§ **What needs to be done**
Start the copy at the line containing "2 bed, 1.0 bath, $875 — Photo 4" and run it through the last line of the records. Repeat each line exactly; omit pictures.

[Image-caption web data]
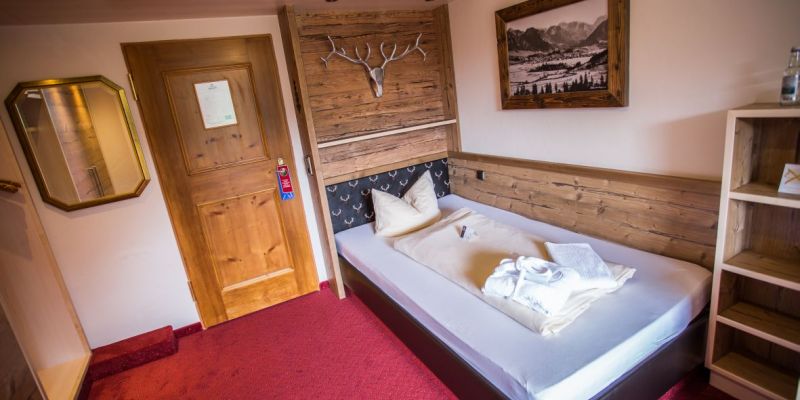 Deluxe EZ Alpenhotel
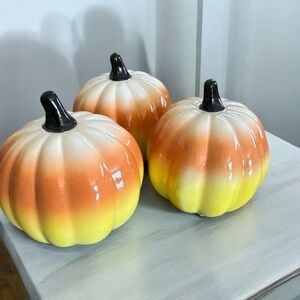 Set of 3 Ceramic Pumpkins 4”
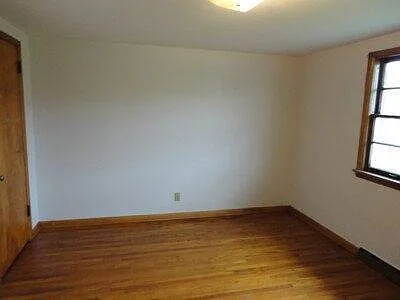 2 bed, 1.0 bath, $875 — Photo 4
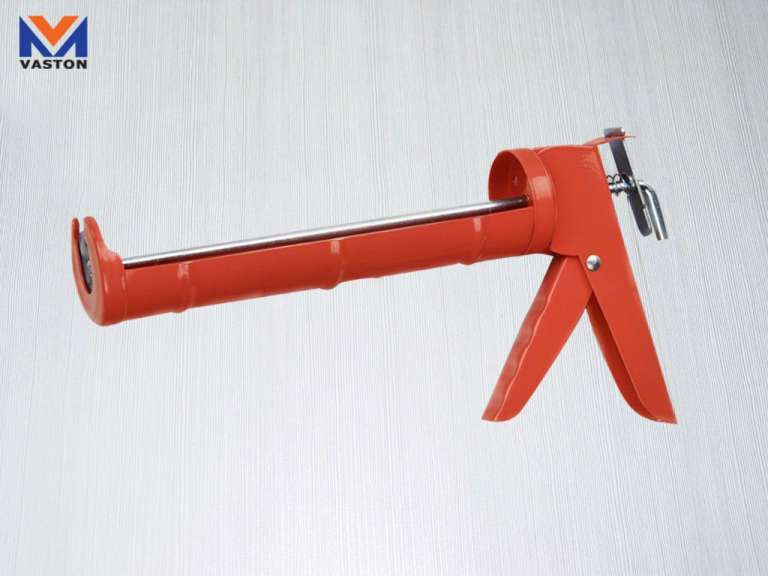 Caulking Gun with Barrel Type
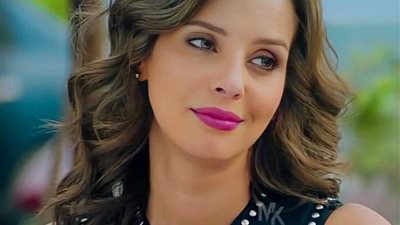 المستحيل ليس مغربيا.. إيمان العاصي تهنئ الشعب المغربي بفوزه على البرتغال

§ **Task result**
 2 bed, 1.0 bath, $875 — Photo 4
 Caulking Gun with Barrel Type
 المستحيل ليس مغربيا.. إيمان العاصي تهنئ الشعب المغربي بفوزه على البرتغال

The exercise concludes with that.